The difference between a country's total value of exports and imports - a surplus means exports exceed imports, a deficit means the reverse.
The trade balance is a component of the current account and one of the longer-term structural drivers of currency valuation. A persistent trade surplus (exports > imports) generates sustained demand for the exporting country's currency: foreign buyers must purchase the currency to pay for goods. Japan's structural current account surplus is one reason the yen tends to attract safe-haven inflows even when Japan's own interest rates are near zero.
Conversely, a persistent trade deficit means the country must finance imports with capital inflows - foreign investment in its bonds, equities, or real estate. The US runs a large trade deficit that is financed by the dollar's reserve currency status and deep capital markets. If confidence in those inflows deteriorates, the deficit is negative for the currency.
Market-moving trade data includes the US monthly Trade Balance release (typically 5–6 weeks after the reference month) and the Chinese trade balance, which affects commodity currencies (AUD, NZD, CAD) because China is a dominant buyer of raw materials. The deviation from consensus and any revision to the prior month's figure drives the immediate forex reaction.
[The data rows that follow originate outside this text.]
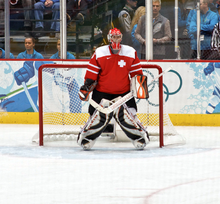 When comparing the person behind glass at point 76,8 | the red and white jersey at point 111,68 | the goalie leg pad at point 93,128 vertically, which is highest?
the person behind glass at point 76,8

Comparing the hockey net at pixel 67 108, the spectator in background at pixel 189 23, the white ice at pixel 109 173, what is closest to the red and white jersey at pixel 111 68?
the hockey net at pixel 67 108

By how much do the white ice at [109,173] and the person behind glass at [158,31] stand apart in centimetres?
167

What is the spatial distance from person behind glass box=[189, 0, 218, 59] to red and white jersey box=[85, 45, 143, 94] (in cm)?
202

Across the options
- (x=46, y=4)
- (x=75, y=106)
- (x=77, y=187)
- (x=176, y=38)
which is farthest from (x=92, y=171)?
(x=46, y=4)

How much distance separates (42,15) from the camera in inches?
232

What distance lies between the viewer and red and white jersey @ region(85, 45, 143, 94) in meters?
3.88

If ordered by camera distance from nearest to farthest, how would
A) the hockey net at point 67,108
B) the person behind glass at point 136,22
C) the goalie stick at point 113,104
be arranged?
the goalie stick at point 113,104 < the hockey net at point 67,108 < the person behind glass at point 136,22

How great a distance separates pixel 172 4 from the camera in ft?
18.6

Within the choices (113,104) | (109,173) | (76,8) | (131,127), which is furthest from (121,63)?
(76,8)

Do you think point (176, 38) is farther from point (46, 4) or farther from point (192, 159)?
point (192, 159)

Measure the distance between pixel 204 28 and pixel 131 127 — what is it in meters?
2.43

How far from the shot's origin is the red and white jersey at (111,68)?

Exchange rates themselves feed back into the trade balance: a weaker currency makes exports cheaper for foreign buyers (stimulating export revenue) and makes imports more expensive for domestic consumers (reducing import volume). This self-correcting mechanism - called the J-curve effect - means a depreciation initially worsens the nominal trade deficit (existing contracts keep paying at old prices) before improving it as quantities adjust over 6–18 months.